Numerical Simulation and Structural Optimization of Swirl Flow Micro-Nano Bubble Generator

Abstract

The development of the bubble generator that can efficiently generate micro-nano bubbles has always been recognized as a challenge. Swirling flow is considered to be an efficient method to enhance hydrodynamic cavitation. The vortex supply chamber and the variable-diameter accelerated vortex cavitation reaction chamber were combined to obtain a stable high-speed tangential liquid flow and improve the cavitation effect inside the generator in this study. The central air intake column was innovatively installed above the cavitation reaction chamber, which prolonged the shear fracture time of bubbles under high shear force and improved the gas–liquid contact and mixing efficiency.

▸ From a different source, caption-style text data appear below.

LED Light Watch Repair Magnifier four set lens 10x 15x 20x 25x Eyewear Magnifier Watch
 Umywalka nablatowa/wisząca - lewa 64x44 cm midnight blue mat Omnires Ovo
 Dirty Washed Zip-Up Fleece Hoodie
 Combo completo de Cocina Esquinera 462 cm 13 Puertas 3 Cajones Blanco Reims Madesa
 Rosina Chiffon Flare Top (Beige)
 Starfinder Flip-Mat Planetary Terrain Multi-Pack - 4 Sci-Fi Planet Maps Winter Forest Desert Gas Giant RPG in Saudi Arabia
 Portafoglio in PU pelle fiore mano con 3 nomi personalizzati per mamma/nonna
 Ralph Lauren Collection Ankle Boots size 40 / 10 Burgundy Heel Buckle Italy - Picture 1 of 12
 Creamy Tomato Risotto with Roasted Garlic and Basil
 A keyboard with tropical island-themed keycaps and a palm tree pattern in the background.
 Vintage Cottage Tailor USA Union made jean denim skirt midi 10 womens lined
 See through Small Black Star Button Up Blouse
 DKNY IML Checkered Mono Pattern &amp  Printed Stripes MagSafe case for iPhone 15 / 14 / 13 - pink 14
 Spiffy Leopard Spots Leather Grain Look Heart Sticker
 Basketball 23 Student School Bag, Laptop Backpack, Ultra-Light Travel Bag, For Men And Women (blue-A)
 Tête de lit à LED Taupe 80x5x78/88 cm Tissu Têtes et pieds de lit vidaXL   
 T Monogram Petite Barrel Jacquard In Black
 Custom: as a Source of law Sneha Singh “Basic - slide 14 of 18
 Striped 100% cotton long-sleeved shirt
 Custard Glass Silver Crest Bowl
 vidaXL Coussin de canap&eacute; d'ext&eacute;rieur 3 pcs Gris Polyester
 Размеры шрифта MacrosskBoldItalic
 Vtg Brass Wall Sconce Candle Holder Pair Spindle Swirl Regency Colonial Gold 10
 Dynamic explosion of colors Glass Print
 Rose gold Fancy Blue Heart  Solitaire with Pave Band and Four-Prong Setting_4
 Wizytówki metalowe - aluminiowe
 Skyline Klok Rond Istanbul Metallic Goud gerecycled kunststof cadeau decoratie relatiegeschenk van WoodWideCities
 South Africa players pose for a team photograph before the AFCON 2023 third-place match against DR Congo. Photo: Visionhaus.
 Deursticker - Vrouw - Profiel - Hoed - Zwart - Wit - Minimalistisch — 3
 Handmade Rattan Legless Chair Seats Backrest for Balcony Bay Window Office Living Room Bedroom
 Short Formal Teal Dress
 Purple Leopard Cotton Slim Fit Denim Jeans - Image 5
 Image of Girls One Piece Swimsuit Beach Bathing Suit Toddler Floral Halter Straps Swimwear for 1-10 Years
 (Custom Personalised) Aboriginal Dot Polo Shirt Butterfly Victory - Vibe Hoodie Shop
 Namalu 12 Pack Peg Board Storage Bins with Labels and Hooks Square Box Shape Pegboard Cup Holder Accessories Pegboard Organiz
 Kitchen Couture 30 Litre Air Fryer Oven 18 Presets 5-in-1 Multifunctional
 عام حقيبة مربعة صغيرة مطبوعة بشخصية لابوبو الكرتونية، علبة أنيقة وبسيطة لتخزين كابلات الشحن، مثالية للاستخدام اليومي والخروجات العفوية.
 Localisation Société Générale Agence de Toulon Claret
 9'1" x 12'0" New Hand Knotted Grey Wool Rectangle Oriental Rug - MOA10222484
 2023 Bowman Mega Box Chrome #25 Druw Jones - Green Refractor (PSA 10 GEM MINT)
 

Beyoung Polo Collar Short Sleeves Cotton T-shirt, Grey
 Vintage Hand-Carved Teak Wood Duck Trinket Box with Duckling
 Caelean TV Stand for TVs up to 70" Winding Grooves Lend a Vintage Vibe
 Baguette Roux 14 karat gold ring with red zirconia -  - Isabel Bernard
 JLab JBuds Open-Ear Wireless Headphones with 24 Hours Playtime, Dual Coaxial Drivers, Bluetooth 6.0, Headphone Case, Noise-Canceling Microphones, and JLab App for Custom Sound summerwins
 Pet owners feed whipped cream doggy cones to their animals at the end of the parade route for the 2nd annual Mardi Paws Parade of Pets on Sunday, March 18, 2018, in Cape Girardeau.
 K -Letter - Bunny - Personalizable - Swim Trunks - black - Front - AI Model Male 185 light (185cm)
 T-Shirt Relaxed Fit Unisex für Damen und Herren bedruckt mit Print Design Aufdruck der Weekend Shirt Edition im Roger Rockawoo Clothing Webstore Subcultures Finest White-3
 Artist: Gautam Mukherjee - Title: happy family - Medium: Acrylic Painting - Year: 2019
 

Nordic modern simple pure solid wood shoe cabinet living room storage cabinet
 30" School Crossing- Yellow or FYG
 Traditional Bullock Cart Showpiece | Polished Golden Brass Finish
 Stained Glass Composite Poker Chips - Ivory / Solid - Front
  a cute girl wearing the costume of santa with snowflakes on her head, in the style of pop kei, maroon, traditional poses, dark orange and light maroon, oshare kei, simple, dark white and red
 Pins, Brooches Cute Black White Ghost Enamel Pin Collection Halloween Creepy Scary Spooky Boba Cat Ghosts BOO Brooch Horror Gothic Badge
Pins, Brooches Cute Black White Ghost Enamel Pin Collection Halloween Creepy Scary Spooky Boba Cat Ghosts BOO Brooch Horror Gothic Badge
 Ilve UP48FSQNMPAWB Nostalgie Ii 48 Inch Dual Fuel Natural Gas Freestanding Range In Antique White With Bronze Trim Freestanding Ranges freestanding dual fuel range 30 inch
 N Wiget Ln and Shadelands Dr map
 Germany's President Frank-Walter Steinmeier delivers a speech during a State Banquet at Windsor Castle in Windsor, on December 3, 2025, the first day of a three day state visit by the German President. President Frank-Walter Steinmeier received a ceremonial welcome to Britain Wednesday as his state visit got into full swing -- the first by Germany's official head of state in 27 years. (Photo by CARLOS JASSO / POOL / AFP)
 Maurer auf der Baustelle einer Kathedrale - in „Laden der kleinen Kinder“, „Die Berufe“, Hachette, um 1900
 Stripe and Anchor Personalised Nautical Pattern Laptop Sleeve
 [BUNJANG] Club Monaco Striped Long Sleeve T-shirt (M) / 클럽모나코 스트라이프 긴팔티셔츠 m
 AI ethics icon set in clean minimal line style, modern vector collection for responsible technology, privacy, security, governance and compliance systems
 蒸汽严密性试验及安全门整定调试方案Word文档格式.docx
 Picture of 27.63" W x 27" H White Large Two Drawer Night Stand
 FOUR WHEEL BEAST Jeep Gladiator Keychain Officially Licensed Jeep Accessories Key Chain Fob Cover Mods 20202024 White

The influence of geometric parameters on the internal and external flow fields of the generator was analyzed through the numerical simulation. The optimized central air intake column was located 10 mm above the inlet of the cavitation reaction chamber. The optimized variable diameter contraction angle was 16°, and the optimized generator outlet diameter was 15 mm. Through the bubble performance test, it was verified that the micro-nano bubbles with the minimum size and average size of 0.31 μm and 3.42 μm could be generated by the manufactured generator. The enforcement of the research provided theoretical guidance and data support for the development of efficient micro-nano bubble generators.